We have already in year 2024 posted three reports by Hellmuth on God N and three on God D. Now we post two on God L and a third report that shows a headdress that shares some features with God L to the point that I call it a “pseudo-God L” headdress. It is worn by warriors and deer hunters and by Maya ballplayers who may be showing their relationship to warriors or to deer hunters. But the actual God L is a patron of long-distance merchants who hiked from the Maya heartland north deep into Mexico (through and past Cacaxtla) and probably also hiked down to Costa Rica (though the Maya may have traded through the Costa Sur where Costa Sur people went back and forth to Costa Rica so that the Peten Maya had only to go to Kaminaljuyu to get goods brought up from the Costa Sur trade network.
It is also now well known that there was a Maya barrio or zone in the imperial capital of Teotihuacan and Teotihuacan barrio in Tikal and probably other sites as well.
It helps to learn how to recognize old God L and how to distinguish him from old God D and old God N.
These reports are to assist the classification and cataloging with search terms for both Kerr rollouts in the new Dumbarton Oaks database and also to assist in the classification and cataloging with search terms for all the Nicholas Hellmuth photos that show God L, that are now donated to Dumbarton Oaks, Trustees for Harvard University.

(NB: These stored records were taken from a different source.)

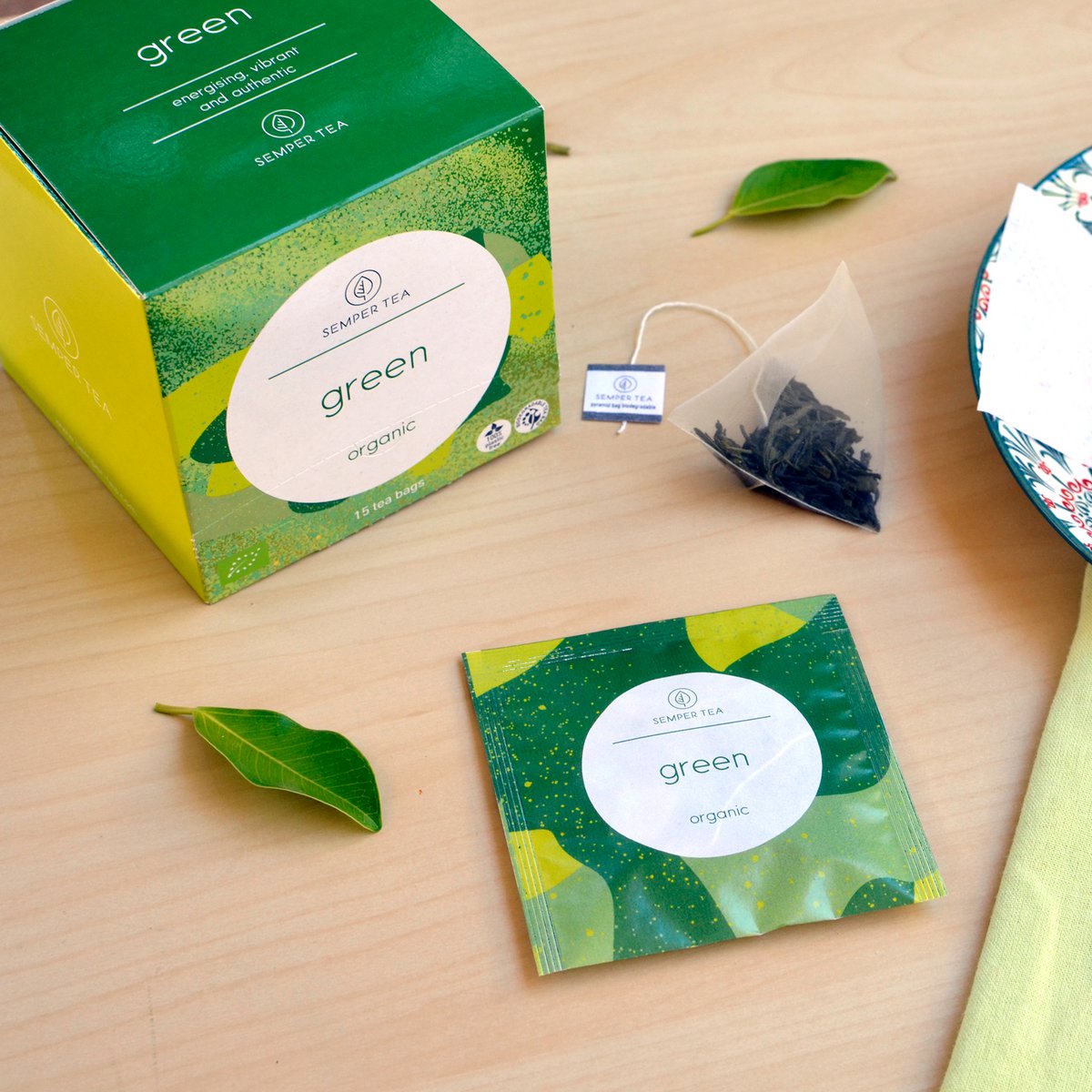 GREEN organic tea I Tea pyramid in sachet NO PLASTIC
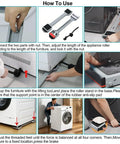 Heavy Duty Appliance Rollers With Extendable Sliders Swivel Wheels Anti Slip Feet For Moving Washers Dryers furniture use guide images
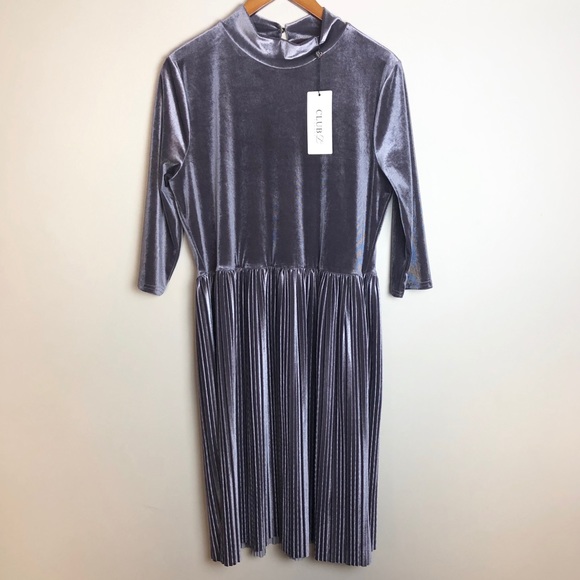 Club L London Dresses & Skirts - Purple Velvet Knee Length/Midi Long Sleeve Dress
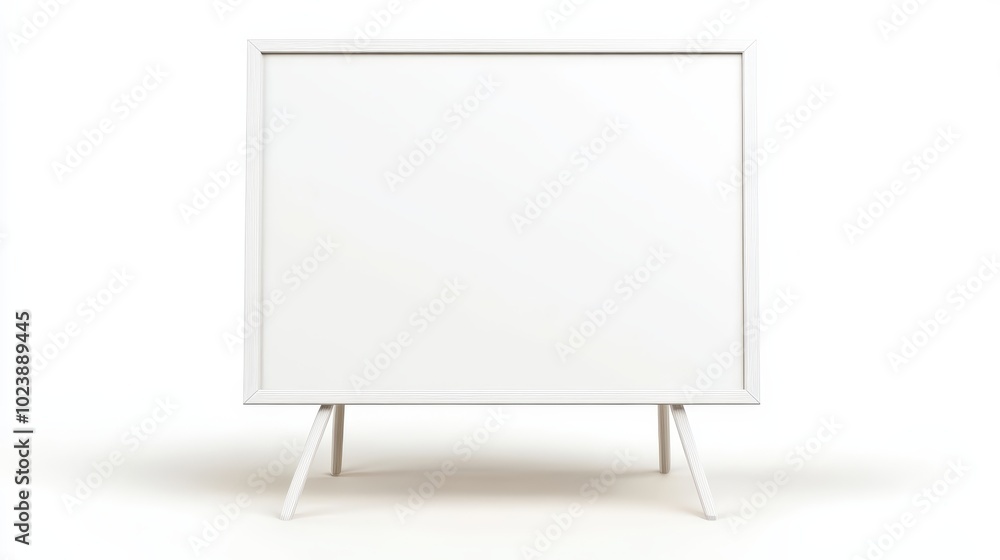Blank board on a white background for displaying information or messages. Blank board on a white background for displaying information or messages.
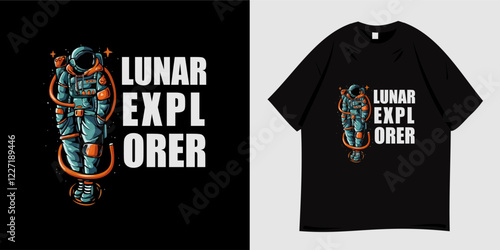 Lunar explorer graphic t-shirt design. Astronaut, space, outer space, rocket, spaceship and moon symbols. Print for apparel, clothing, t-shirt, apparel and fashion. Vector illustration.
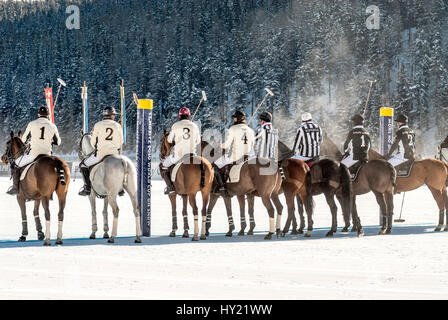 Giocatore di Polo line up durante la neve Polo World Cup 2013 corrispondono, St.Moritz Svizzera | Polo Spieler¤wÃ hrend des Snow Polo World Cup 2013, St.Moritz, Foto Stock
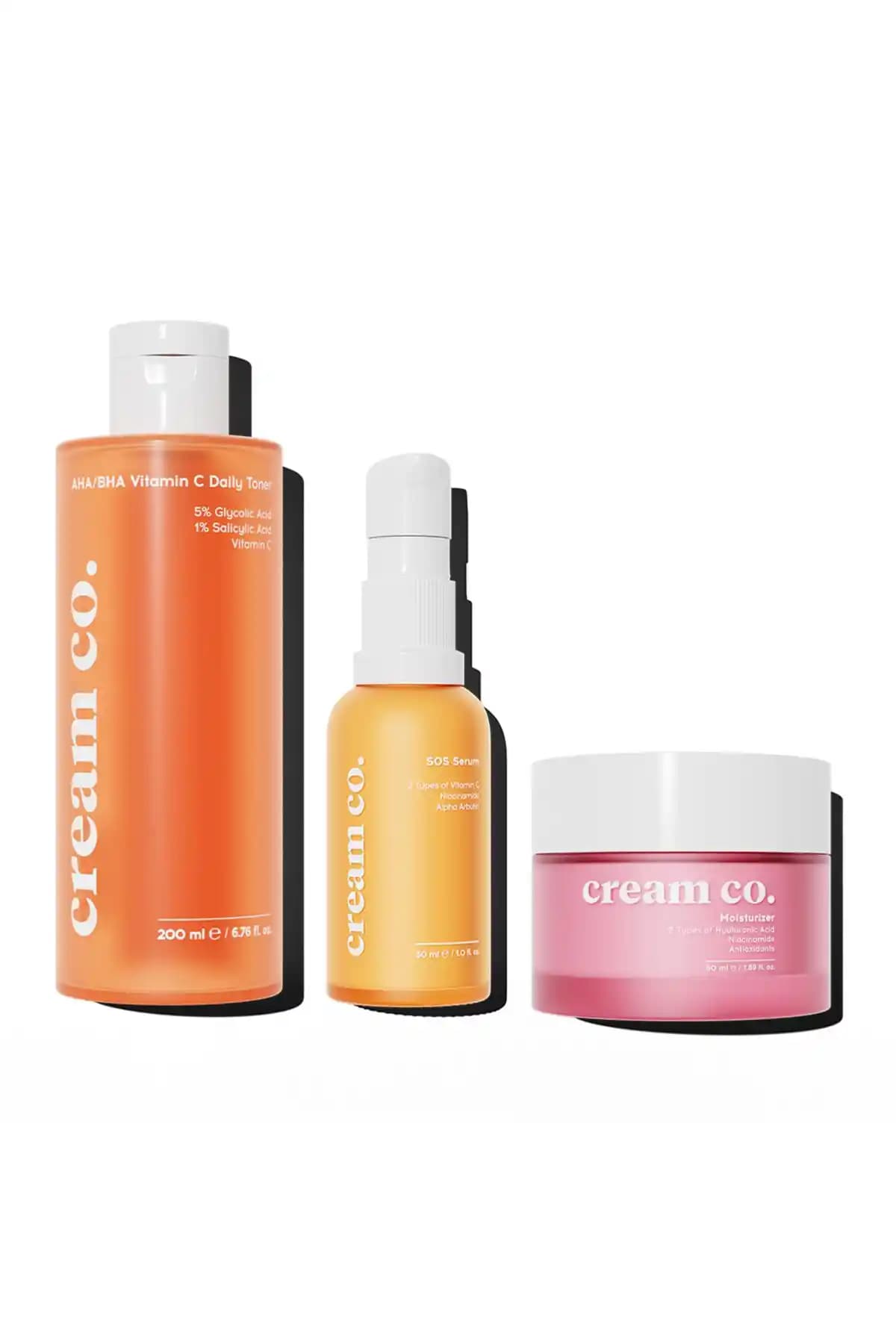 Cream Co. Ay<dı>nlatıcı Canlan<dı>rıcı ve Pürüzsüzleştirici Bakım Seti Türkiye Üretimi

So a helpful segment is a list of rollouts which have God L in search terms in the Maya Vase Data Base but are unlikely God L whasoever.
Since God L is an aged deity like God N and God D, and since there are now one or maybe even two aged deities—one a deer hunting patron, the other resides also in a giant fanged serpent monster mouth. One is probably the “old dying god” with deer antlers and/or deer ears. We have a monumental four volumes in preparation on the iconography of deer in Maya art that shows all the variants of these old gods—which are listed as God N or occasionally God D in Maya Vase Data Base—most are neither though a few may be God N-variants.
God M is also considered a Merchant God, but he is mainly present in the codices and only rarely in Classic Maya vases, bowls, and plates.